-- Opening Marker --
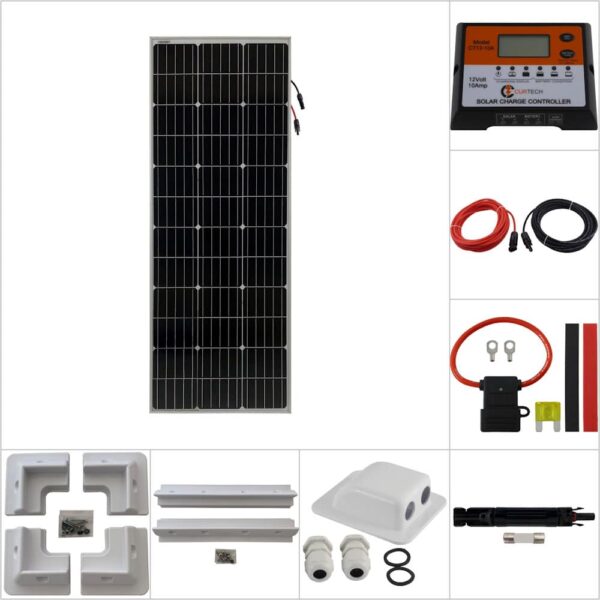 Single 130W Curtech PERC Solar Panel ABS Package with CT12-10A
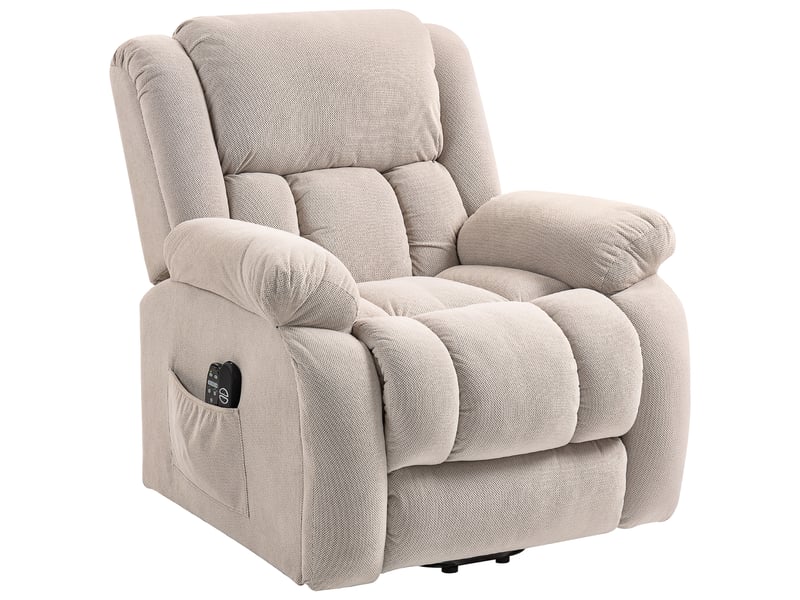 Fauteuil releveur électrique massant chauffant inclinable repose-pieds tissu beige - Conforama A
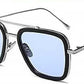Unisex Blue Silver Retro Square Sunglass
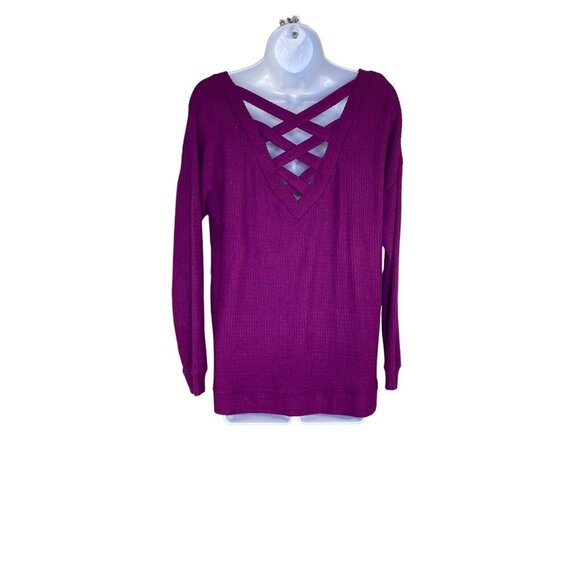 1. STATE Womens Low Back Long Sleeve Jewel Neck Sweater Purple Size Medium - Picture 4 of 7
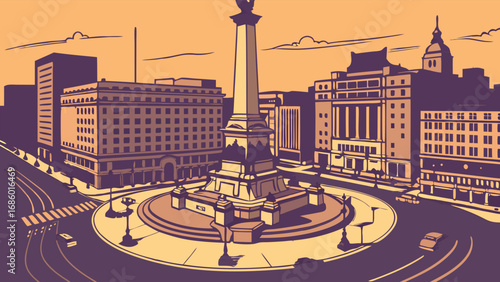 Monumental Cityscape Urban Roundabout Vintage Style Illustration Retro City Design Architectural Landmark Transportation Downtown Area Evening Skyline Street Scene Traffic Circle Tall Buildings Citys.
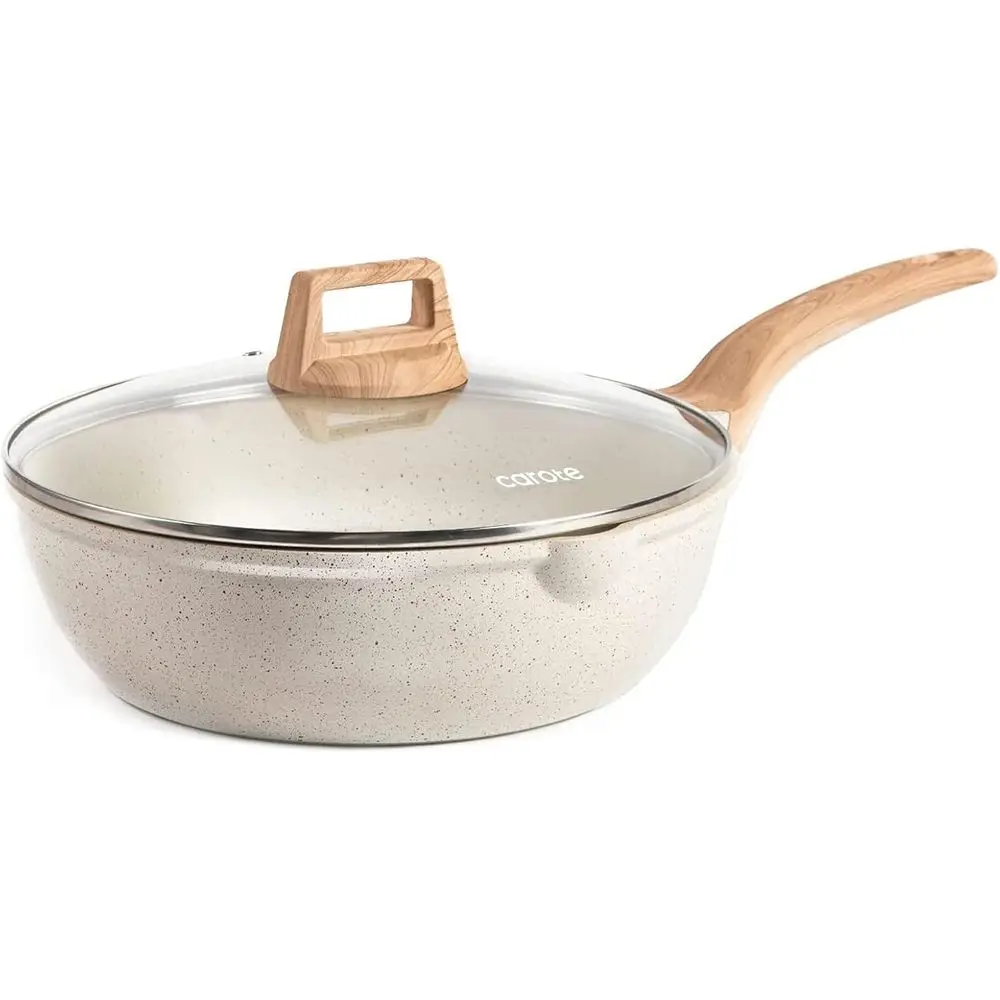 

12 Inch Nonstick Deep Frying Pan with Lid, 5.5 Qt Jumbo Cooker Saute Pan, Skillet Induction Cookware, Non Stick Cooking Pan PFOA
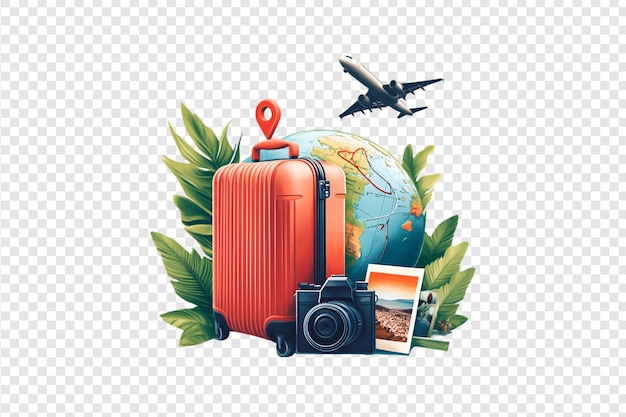 Red suitcase with globe camera and airplane on a transparent background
-- Closing Marker --
▶ **Try it**: Transcribe exactly the lines above, beginning at the one with "Unisex Blue Silver Retro Square Sunglass" and going up to and including the one with "Monumental Cityscape Urban". Pictures do not belong in the copy.

▶ **Exercise output**:
Unisex Blue Silver Retro Square Sunglass
 1. STATE Womens Low Back Long Sleeve Jewel Neck Sweater Purple Size Medium - Picture 4 of 7
 Monumental Cityscape Urban Roundabout Vintage Style Illustration Retro City Design Architectural Landmark Transportation Downtown Area Evening Skyline Street Scene Traffic Circle Tall Buildings Citys.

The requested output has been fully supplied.